WHAT YOU ARE ASKED TO DO
No pictures, nothing altered: return the data below.

RECORDS FOR PROCESSING

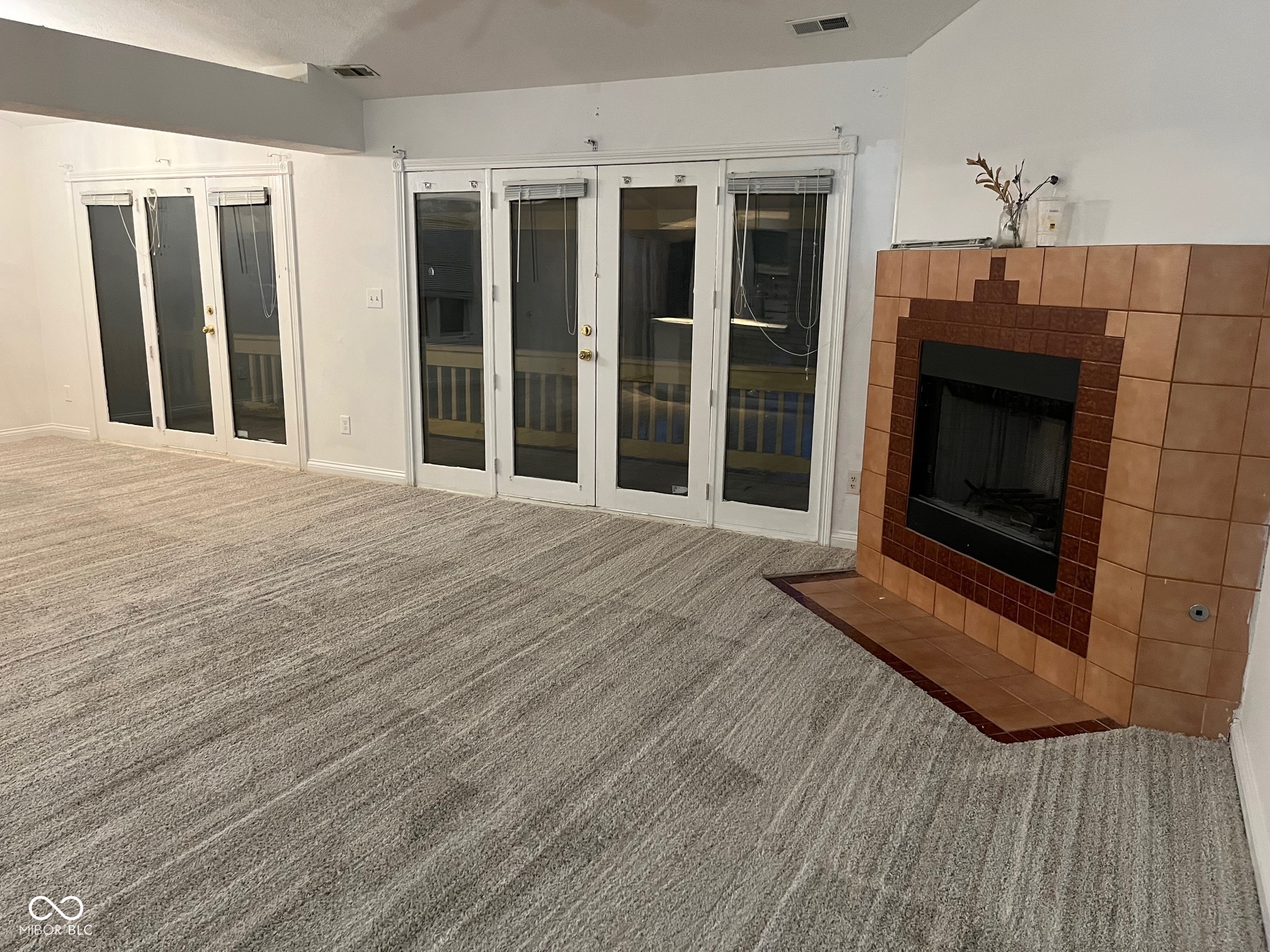 2724 Granada Cir N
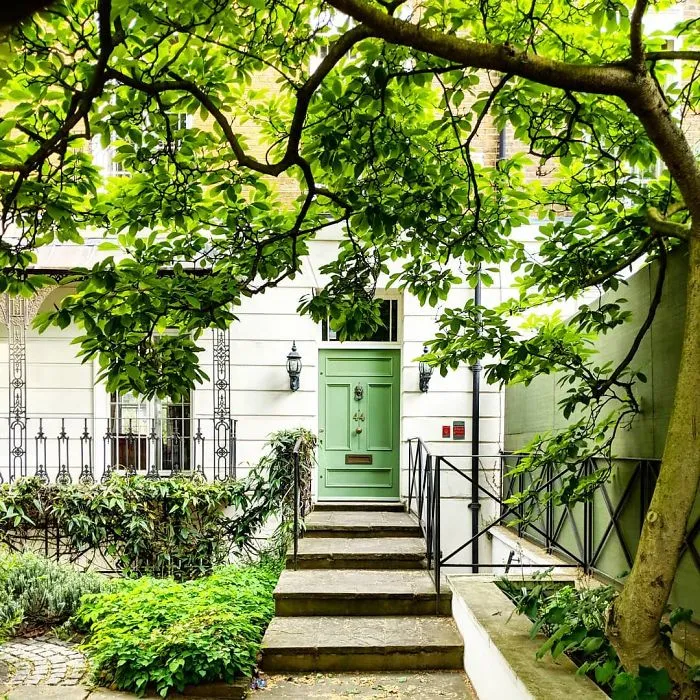 Woman Captures London's Most Beautiful Front Doors And They Look Straight Out Of A Wes Anderson Movie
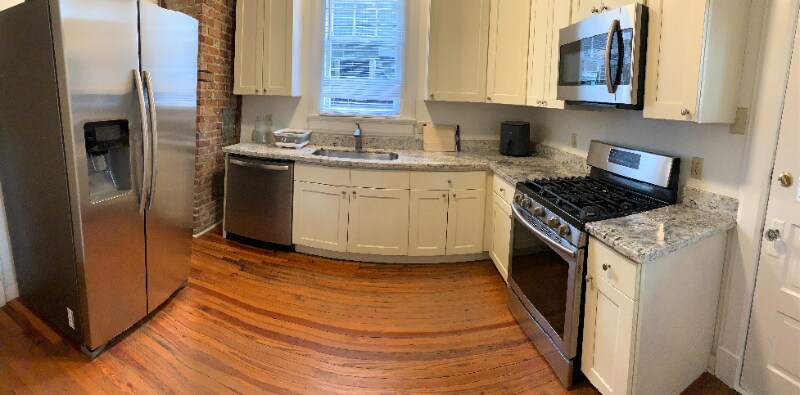 Building Photo - 1031 Broadway St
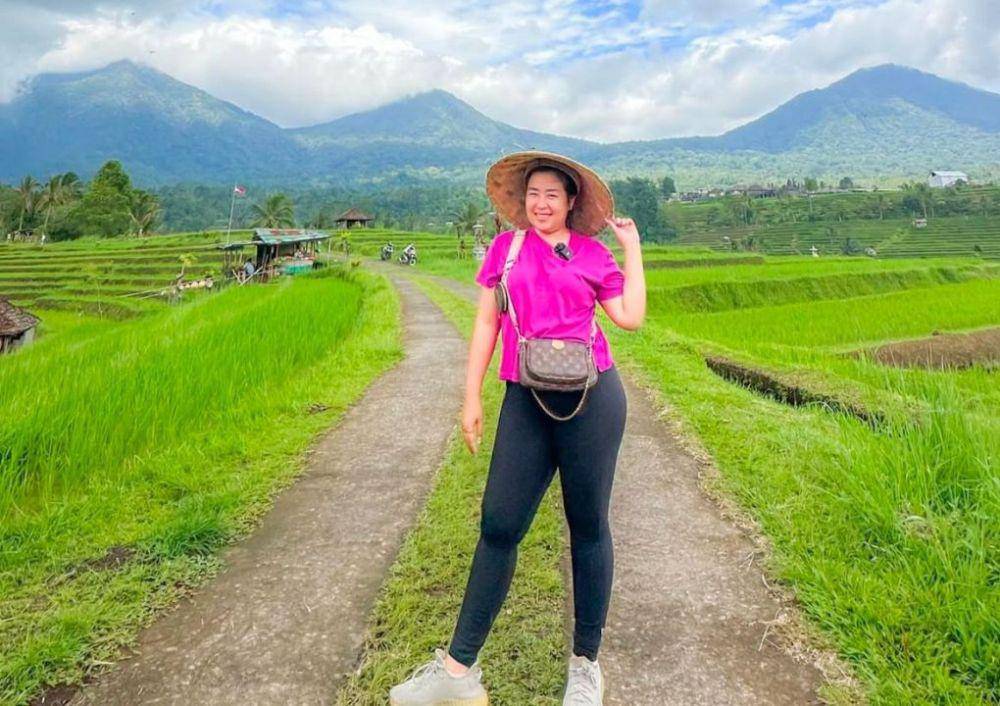 Mengenal Veronica Almeera, TikTokers yang Suka Berbagi Gift Singa (IDN Times/istimewa)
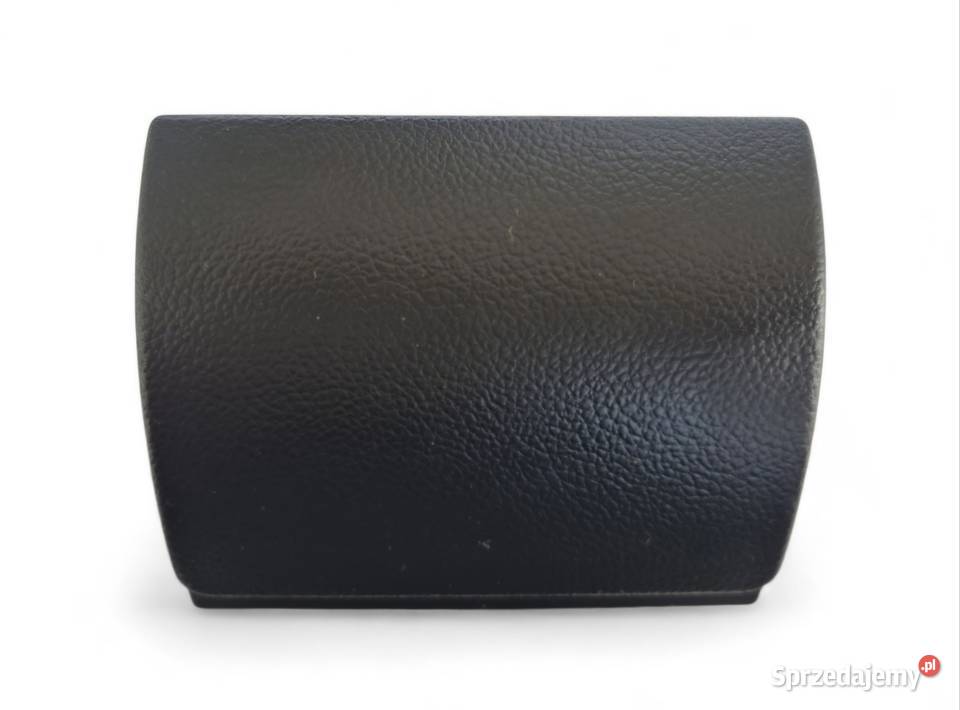 POPIELNICZKA TUNELU TYŁ AUDI A3 8L LEON I TOLEDO Popielniczki sprzedam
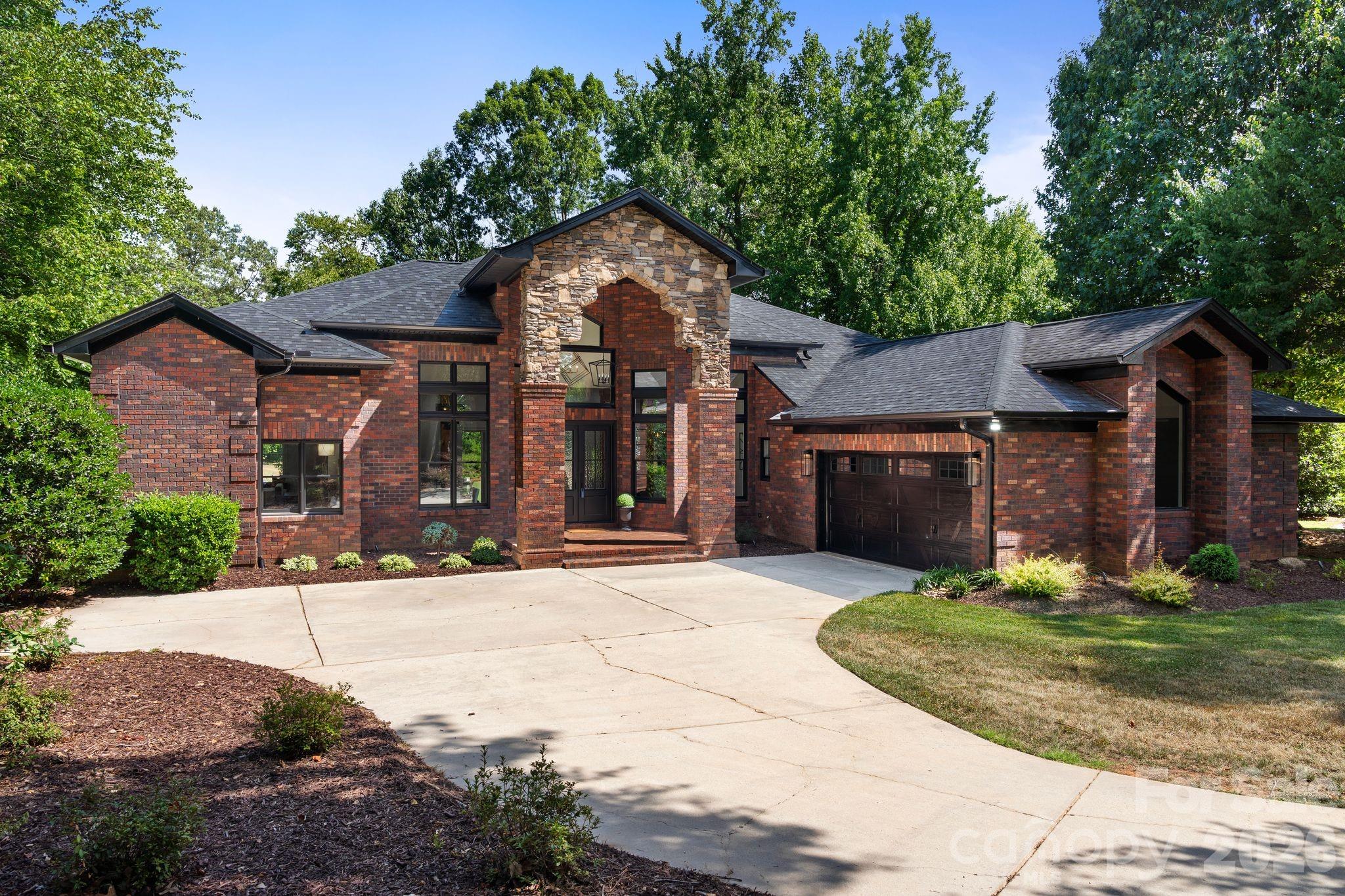 8806 Hearthstone Court Property Photo 2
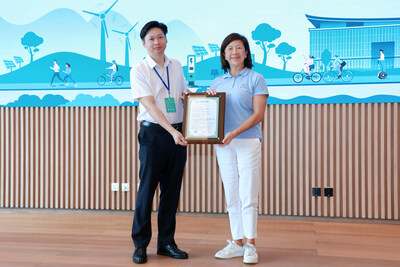 中國節能協會碳中和專委會常務副秘書長王挺先生(左)向溢達集團副董事長楊敏賢女士(右)授予零碳園區證書 中國節能協會碳中和專委會常務副秘書長王挺先生(左)向溢達集團副董事長楊敏賢女士(右)授予零碳園區證書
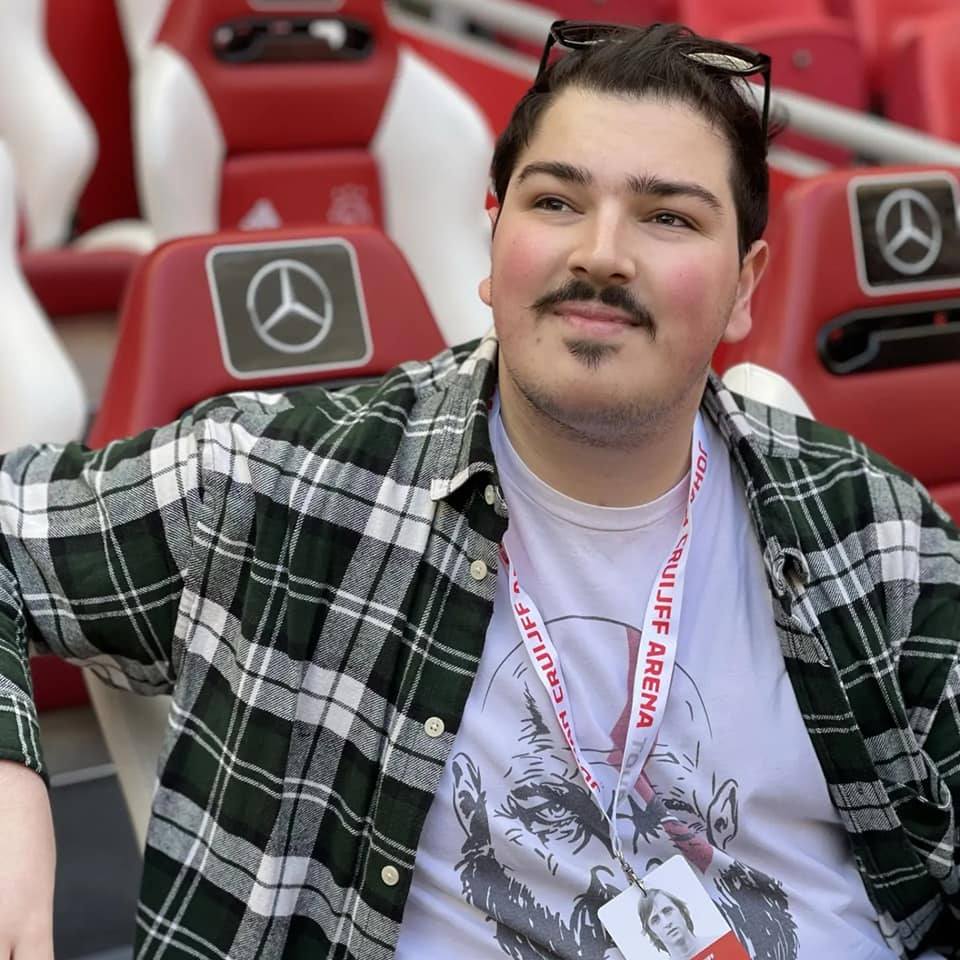 Μπάμπης Τριανταφύλλου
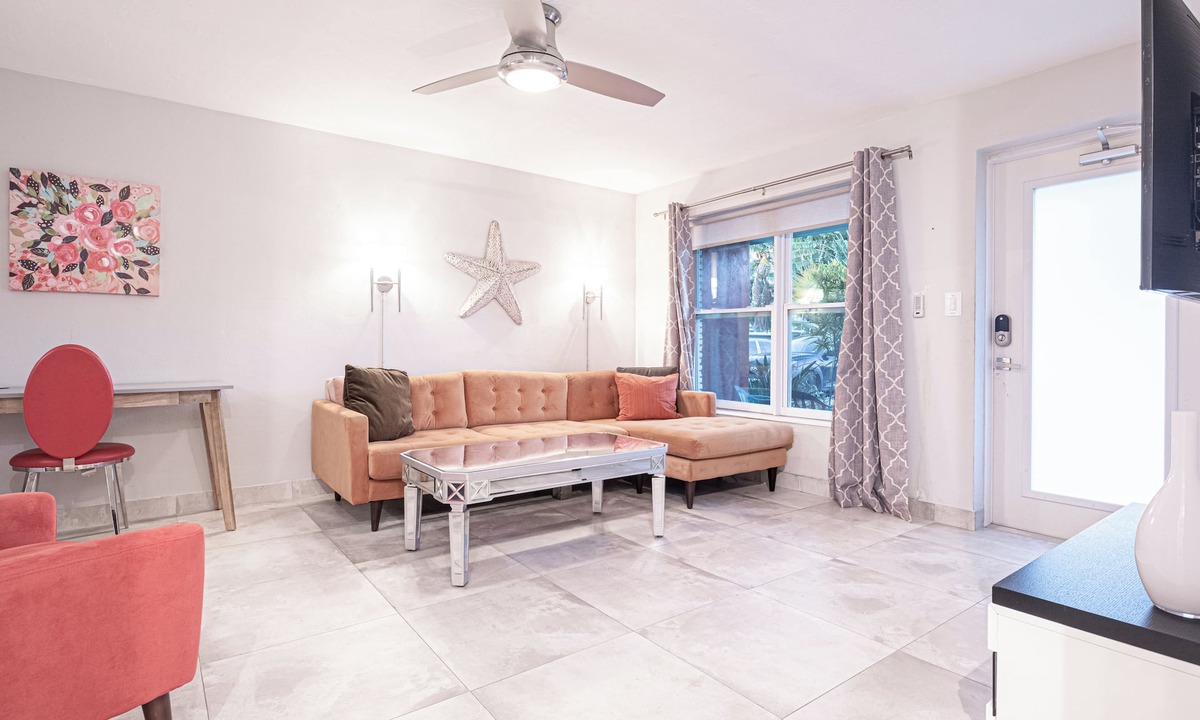 South Dallas - Fair Park House | Urban Luxe Nightlife Escape · 3BR/2BA · Sleeps 8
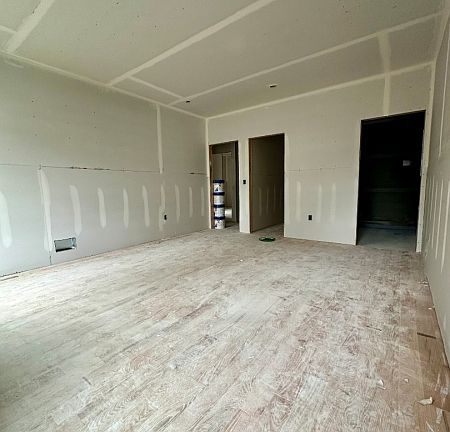 5th image of 670 Summer St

WRITTEN RESPONSE
 2724 Granada Cir N
 Woman Captures London's Most Beautiful Front Doors And They Look Straight Out Of A Wes Anderson Movie
 Building Photo - 1031 Broadway St
 Mengenal Veronica Almeera, TikTokers yang Suka Berbagi Gift Singa (IDN Times/istimewa)
 POPIELNICZKA TUNELU TYŁ AUDI A3 8L LEON I TOLEDO Popielniczki sprzedam
 8806 Hearthstone Court Property Photo 2
 中國節能協會碳中和專委會常務副秘書長王挺先生(左)向溢達集團副董事長楊敏賢女士(右)授予零碳園區證書 中國節能協會碳中和專委會常務副秘書長王挺先生(左)向溢達集團副董事長楊敏賢女士(右)授予零碳園區證書
 Μπάμπης Τριανταφύλλου
 South Dallas - Fair Park House | Urban Luxe Nightlife Escape · 3BR/2BA · Sleeps 8
 5th image of 670 Summer St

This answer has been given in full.